SWBAT master multiplication word problems by learning to unpack them and create solutions.

Students learn to take apart a multiplication word problem involving one step, and use an area model or expanded model to solve so they may eventually master multiple step word problems.

5 minutes

I have two students who are clueless on how to read through and sort out a multi-step word problem. I realized that they needed some RTI and one on one showing them how to pick apart the language. This Learnzillion lesson supports the idea of the equation and solution. After they watched the lesson on their iPad, they met with me to discuss it. We went through it together, picking apart each section and looking at the way she found the variable.

My questions to these two students were designed for them to take responsibility in their own learning. Both of them are very motivated to learn, which helps me develop questions that move them into critical thought right away.

10 minutes

**RTI: Direct Instruction/ Questioning and Practice**

I sat my two students on either side of me with my iPad. They had their math notebooks and pencils, ready to discuss. I asked them what they thought about the Learnzillion and if they thought it helped them. They both seemed to like it. I brought up the Learnzillion lesson on my iPad for reference so they could look back at it if we needed to as we talked about their work.

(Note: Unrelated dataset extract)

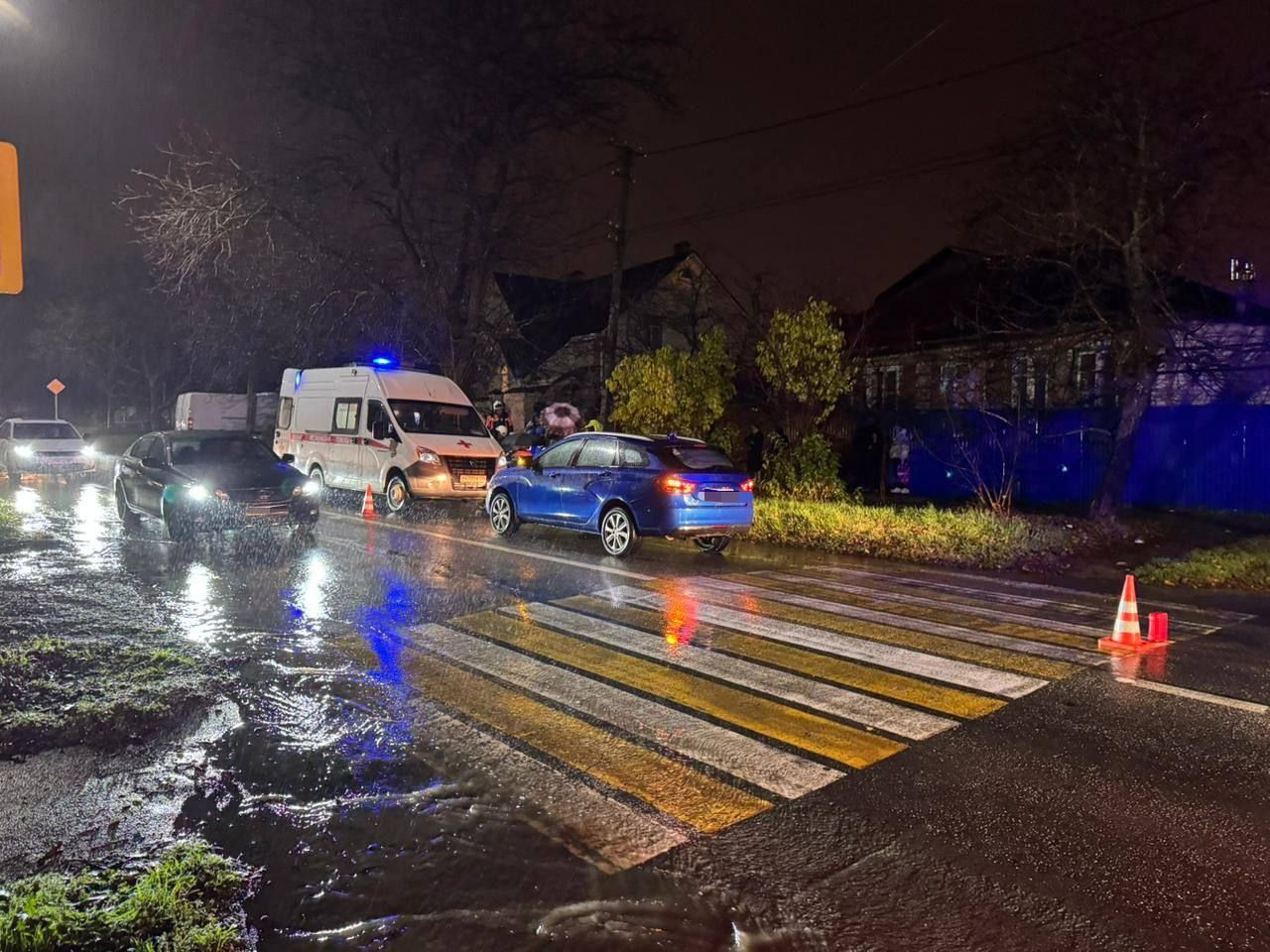 Несовершеннолетнюю девушку сбили в Ставрополе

*I checked to see if they understood what a variable was first because I wanted to make sure that they weren't confused by letters being in an equation. They did!*

**I asked how did the instructor in the lesson use an equation to figure out her problem?** *We went back again and went through the lesson to see her develop the equation using the variable and then solving it. This seems to be the toughest concept for them. They just want to solve the problem! I want them to be aware of how equations are used to help us think through the solution.*

**I asked: How would you go about solving her egg problem?** They both talked about using a KWS chart. They noticed that she did not use any chart to help her take apart the problem. *( KWS strategy is a chart that my students use to find : What do I KNOW?. What do they WANT to know? And then What is my Solution?) I told them that I developed that strategy because I could see that students needed guidance on how to sort out the words.*

I decided it was time to work a problem together. I recorded this problem for them on Educreations, explaining what I expected. We worked it out together side by side. They used rectangular method to solve their equation. I let them work and then reviewed their answers. They didn't know how to finish their equation properly using the variable. I need to back up farther and only expect the solution and the label. The KWS appears to be too much for them. Both struggle with language, so I know that maybe I need to adjust some word problems by setting up a partial KWS chart for them and them.

10 minutes

**Continued Support:** Before I gave them their practice work, I used a continuation of the Angela problem to show how to notice when there will be two steps in a word problem. I explained that today's practice had just one step problems, but I wanted them to see the difference. ( They had not mastered the two step practice work from the day before.) I told them that I really wanted them to feel confident in solving one step multiplication word problems before I got them to solve harder two step ones. This is an example of how I taught that lesson using Educreations. On my lesson for them, I used a T chart and hand wrote the word problems next to each other. We compared the two and sought out the differences. They were very quick at figuring it out, multiplying and adding. It produced smiles. I asked them if they thought they were ready to solve one step problems and then do two step problems later. They were happy with that!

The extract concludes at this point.